Method: Mix everything together and half bake it. Avoid insignificant ingredients like innovation, likeable characters and intrigue. Sautee with 300 plot holes. Add kitsch for (bad) taste. Serve blockbuster chilled.
Agneepath, producer Karan Johar’s remake of the cult classic of the same name, is a labour of love that reminds you that love is blind. The 1990 Amitabh Bachchan film, an unofficial remake of Scarface, was a B-movie to begin with. The 2012 Agneepath is in fact not even a remake, but a “reimagining” that plays out like a below-average 1990s Telugu gangster action film where all the characters speak in Hindi. Director Karan Malhotra’s debut sits in a patch somewhere between a shameless cash grab and a callow vanity project. What is certain though, is that the film is compulsively horrible and full of unintentionally hilarious OTT drama.

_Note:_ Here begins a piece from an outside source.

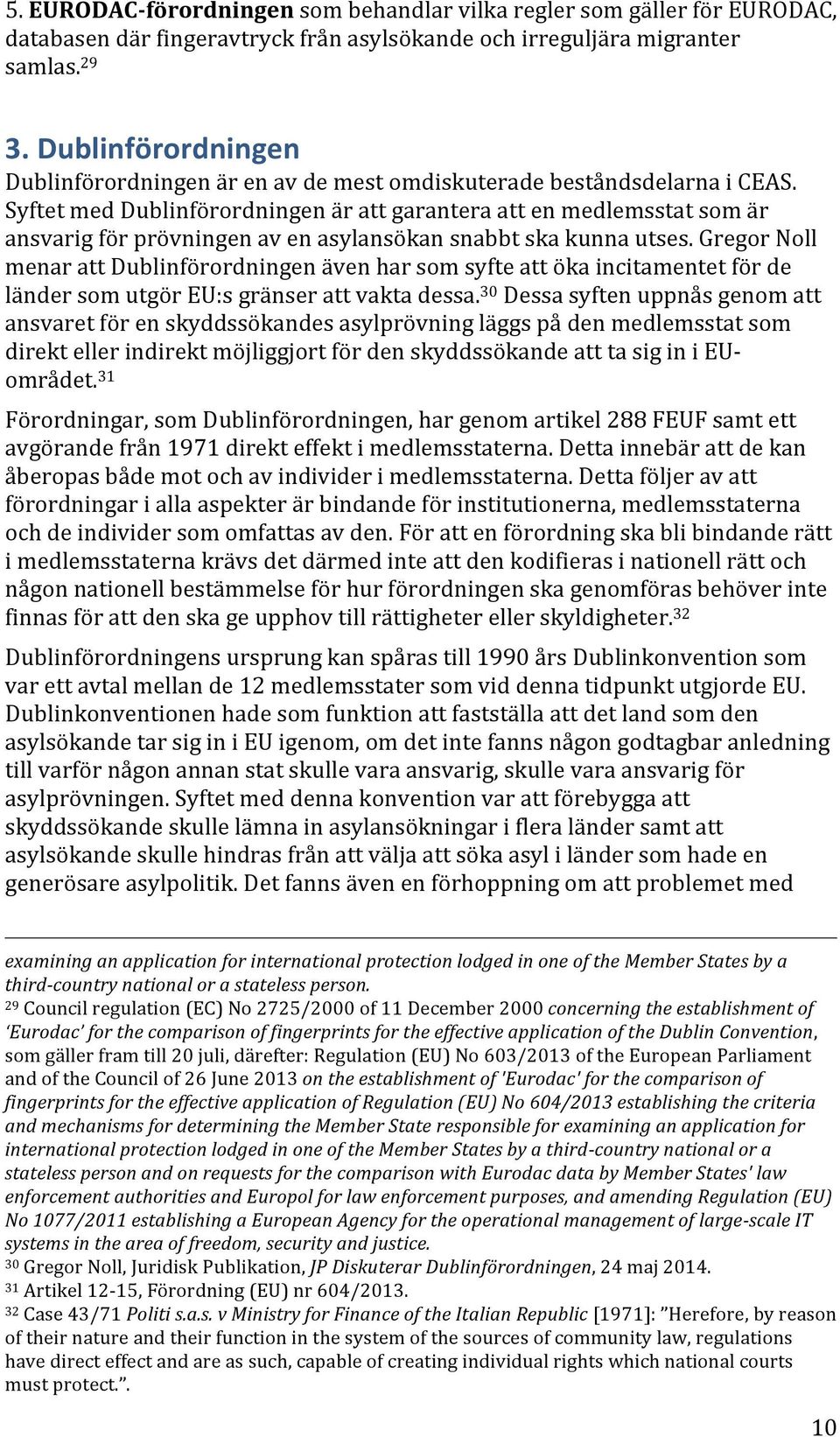 Syftet med Dublinförordningen är att garantera att en medlemsstat som är ansvarig för prövningen av en asylansökan snabbt ska kunna utses.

It’s been over 20 years since Big B’s Agneepath released, but there is not a shred of freshness to be found in the new version. The movie leaves absolutely nothing whatsoever for the viewer to digest—Mr. Johar and Co. just offer a frozen cadaver of Bollywood tripe and expect it to be reheated by paying audiences who can find nothing else in their fridges to snack on. It’s hard to say what’s worse, the film’s utter lack of entertainment value or the unabashed condescension towards its viewers.

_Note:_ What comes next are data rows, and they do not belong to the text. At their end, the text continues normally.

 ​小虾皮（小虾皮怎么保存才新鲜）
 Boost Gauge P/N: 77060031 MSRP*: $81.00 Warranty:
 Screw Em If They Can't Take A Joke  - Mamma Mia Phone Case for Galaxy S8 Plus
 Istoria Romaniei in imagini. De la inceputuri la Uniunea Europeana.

The story remains more or less the same, but when you have big stars like Hrithik Roshan, Priyanka Chopra, Sanjay Dutt and an item song from Katrina Kaif, why do you even need a story? Mega baddie Kancha Cheena (Sanjay Dutt, looking like Uncle Fester from The Addams Family) descends upon the town of Mandwa to turn it into a drug haven. A schoolteacher (Chetan Pandit) who dares to oppose him is framed and hanged to death. The schoolteacher’s son, Vijay Dinanath Chauhan (Hrithik Roshan) then joins forces with high-profile rival gangster, Rauf Lala (Rishi Kapoor) and plots revenge against Kancha.

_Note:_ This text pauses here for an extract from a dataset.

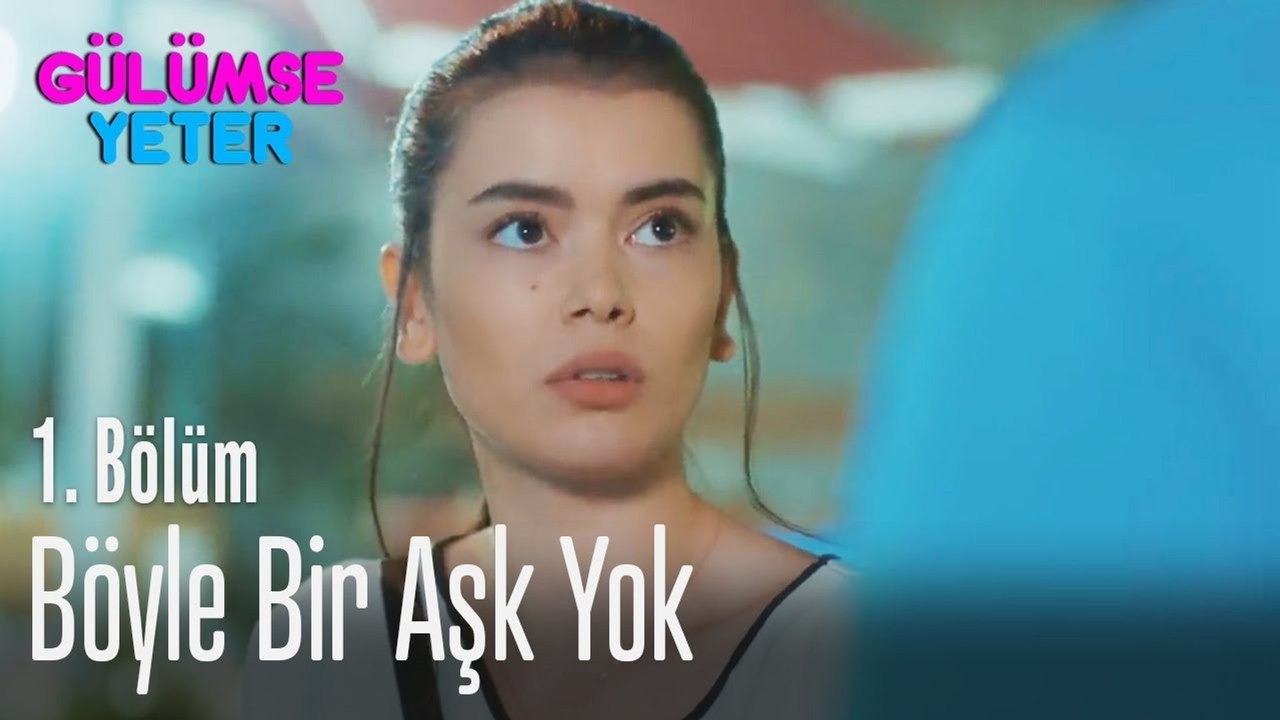 Böyle bir aşk yok - Gülümse Yeter 1. Bölüm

But none of this is interesting, new or arresting in any way—the film keeps throwing melodrama and songs at the audience, and trudges on unbearably for almost 3 hours. Agneepath is completely devoid of humour (Mithun Chakraborty’s Krishna Iyer “MA” character was written out), and there are barely any memorably witty lines of dialogue, save for a few of Dutt’s deadpan quips. Even the love story between Vijay and Kaali (Priyanka Chopra) doesn’t ease the boredom. Instead, we are treated with plot holes large enough to let a tiptoeing woolly mammoth through.
Vijay attacks Kancha’s lair by carefully placing and detonating big bombs, but refuses to carry a simple pistol to overpower the villain, and gets beaten to pulp. Vijay stages an assassination attempt on Rauf Lala’s son (Deven Bhojani) and takes a bullet to his own shoulder. Why? To get in Lala’s good books? Then why make a speech about not needing either of them? Kancha’s lair is guarded day and night by dozens of his armed henchmen manning the coast, so how does Vijay, carrying all those firearms, moor his boat and sneak past them? When Vijay is 12-years-old, he refuses to hand Lala over to the cops and that angers his mother so much that she abandons him. But 15 years later, when Vijay is busy taking revenge, she screams at him to let Lala go, despite the fact that Lala has prostituted her daughter just a few minutes ago.
The performances range from great (Roshan) to good (Dutt, Kapoor) to horrendous (Bhojani) to hilariously awful (Om Puri, playing a cop). Hrithik Roshan growls, kicks, punches, laughs, weeps, sweats, bleeds—he gives it his all, but is sadly eclipsed by the overall stupidity of the film. There isn’t much he can do to leverage his star power to avoid the embarrassment. An otherwise smart, talented and versatile actress, Chopra’s poorly-written role is not a highlight but a terrible misstep in her glowing career. Dutt clearly has more fun than the audience, as does Kapoor in his lecherous role, but neither of them are as suave or threatening as Danny Denzongpa, who played Kancha Cheena in the original. Agneepath is ultimately an insult to both Scarface and its 1990 recreation. Its only redeeming quality is that it reminds us of all the things that used to be fun about bad 1990s movies.